### The problem
Restate word for word the lines from the one bearing "Image 8 of 65 For 2820 Chantilly Avenue" through the end of the entries below, and leave every picture out.

### Provided records
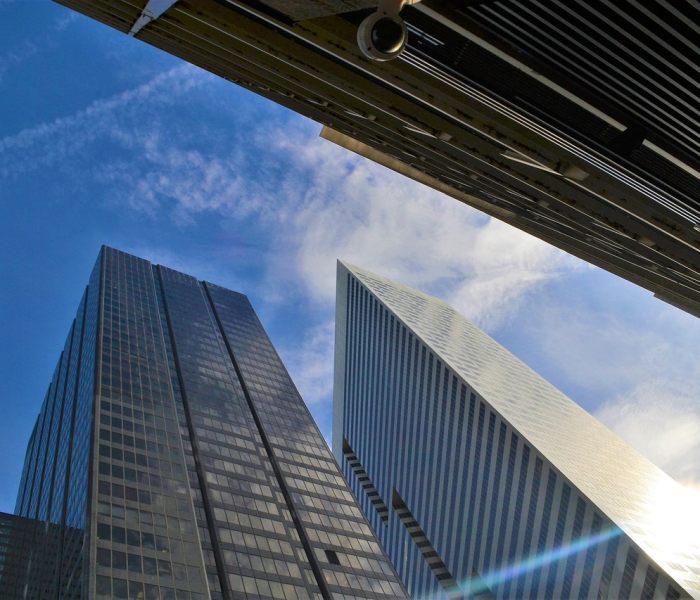 【上海又开始建方舱医院/上海偷偷建方舱医院】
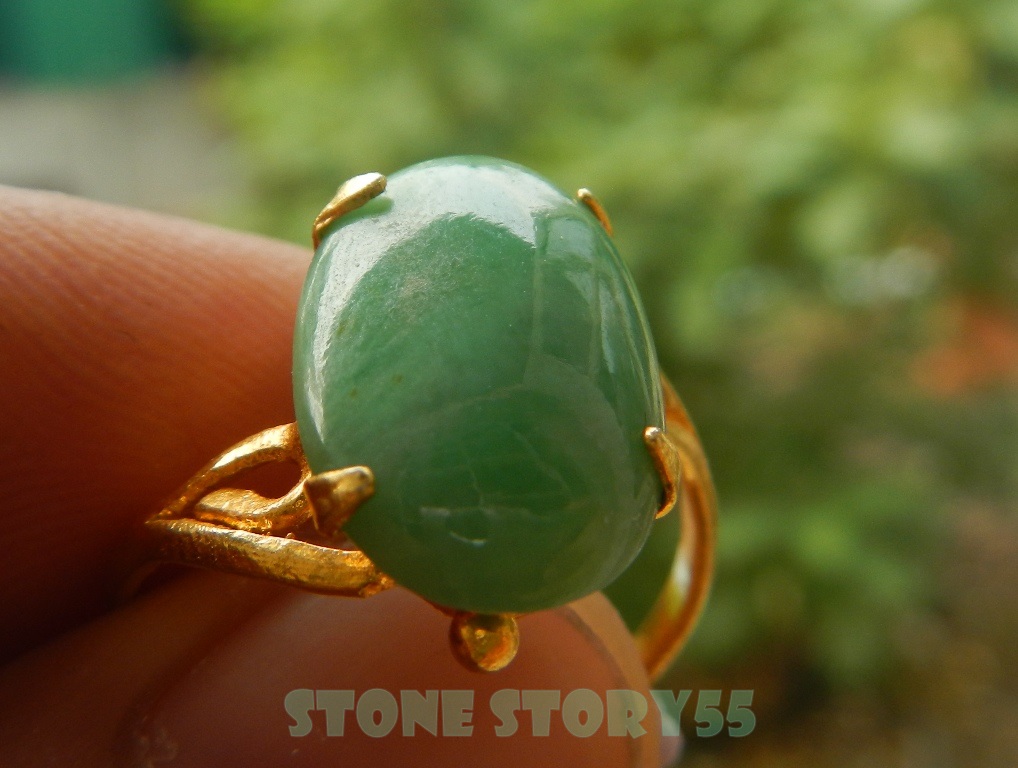 หยกพม่าแท้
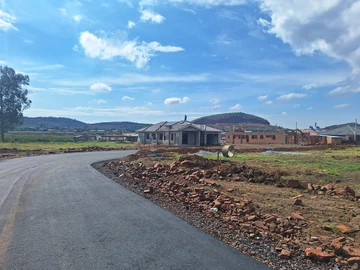 Stands & Residential Land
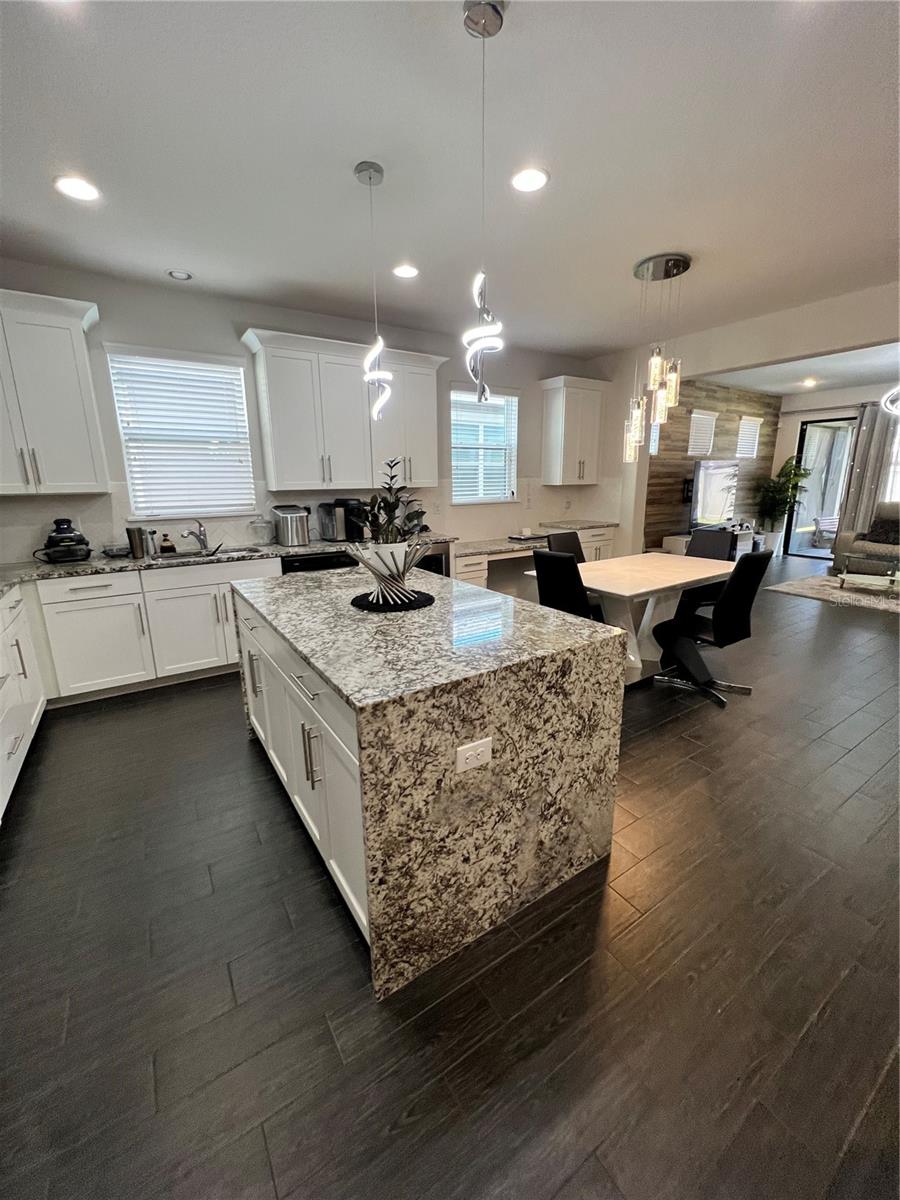 Image 8 of 65 For 2820 Chantilly Avenue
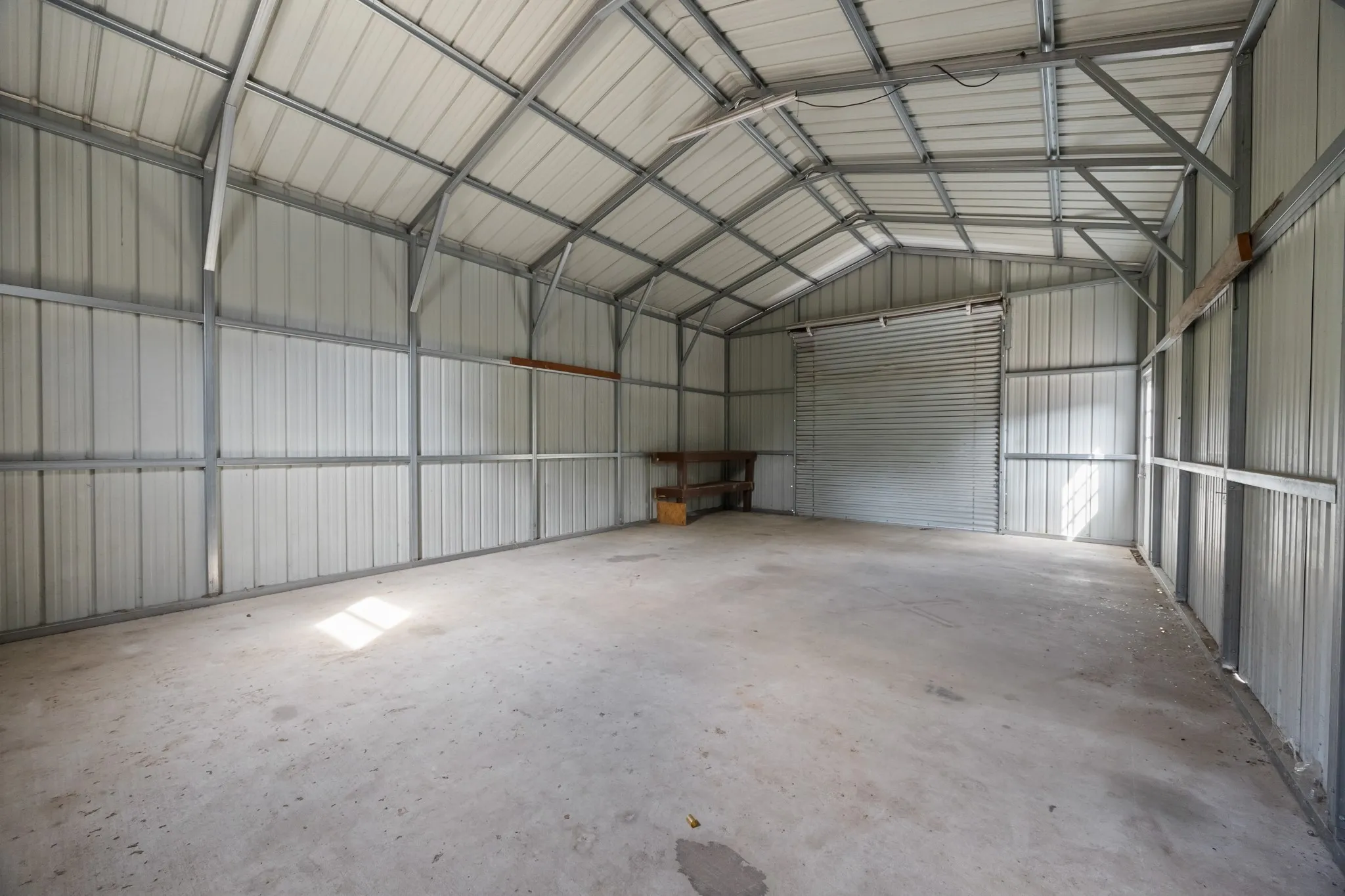 Manufactured Home For Sale in Hunt County , 9330 Lynda Lane, Hawk Cove, Texas 75474, 3 Bedroom, 2 Bathroom, 1 Garage spaces, 1,344 Sqft, built in 1998, mls#21398144, Real Estate Agent in Hawk Cove, Homes For Sale in Hunt county, Homes For Sale in Hawk Cove, Realtor in Hawk Cove Texas, Real Estate Brokerage Independent Realty Texas, Luminita Cordes Realtor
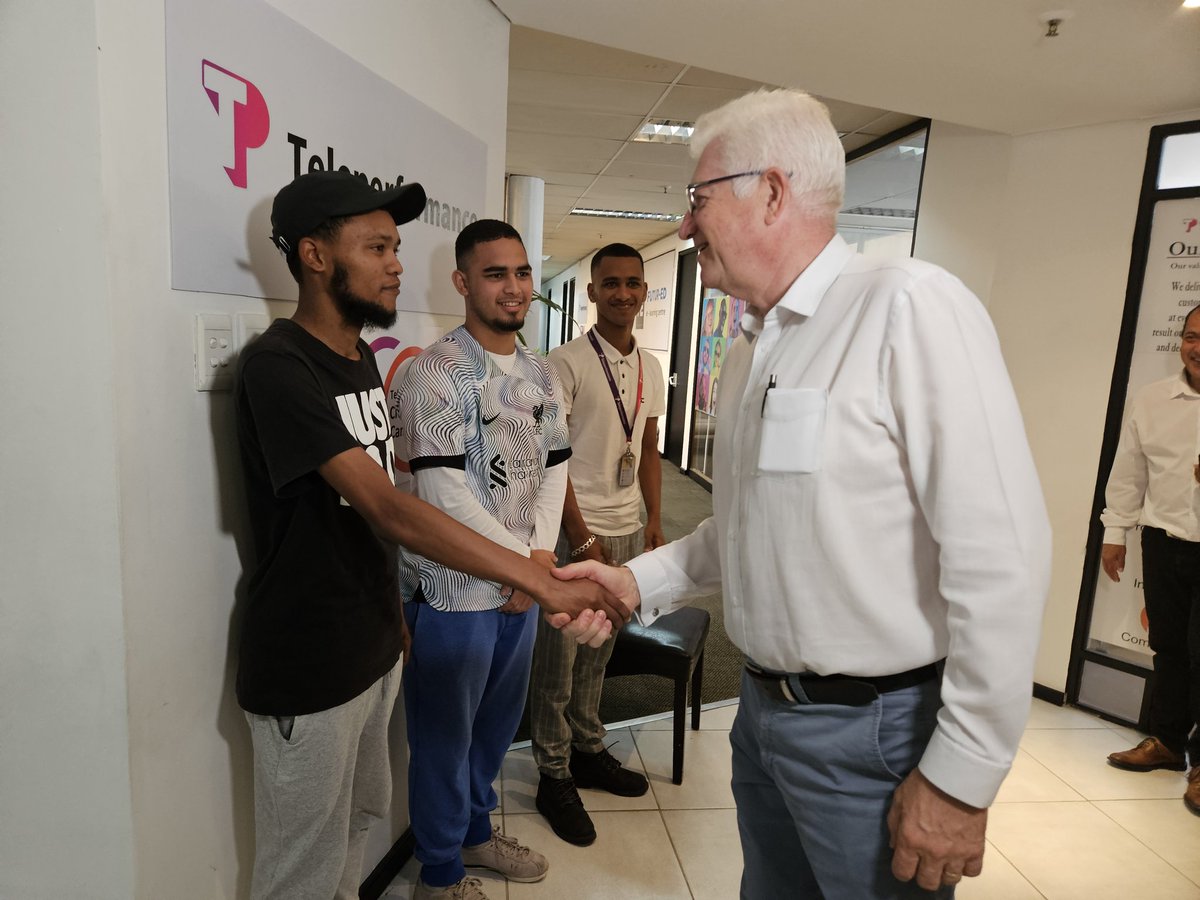 🧢 | While we were at the call centre training facility in Athlone, DA Premier Candidate, @alanwinde, met with three young gentlemen who got their first jobs and started their careers in the BPO sector.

### Solution to this problem
 Image 8 of 65 For 2820 Chantilly Avenue
 Manufactured Home For Sale in Hunt County , 9330 Lynda Lane, Hawk Cove, Texas 75474, 3 Bedroom, 2 Bathroom, 1 Garage spaces, 1,344 Sqft, built in 1998, mls#21398144, Real Estate Agent in Hawk Cove, Homes For Sale in Hunt county, Homes For Sale in Hawk Cove, Realtor in Hawk Cove Texas, Real Estate Brokerage Independent Realty Texas, Luminita Cordes Realtor
 🧢 | While we were at the call centre training facility in Athlone, DA Premier Candidate, @alanwinde, met with three young gentlemen who got their first jobs and started their careers in the BPO sector.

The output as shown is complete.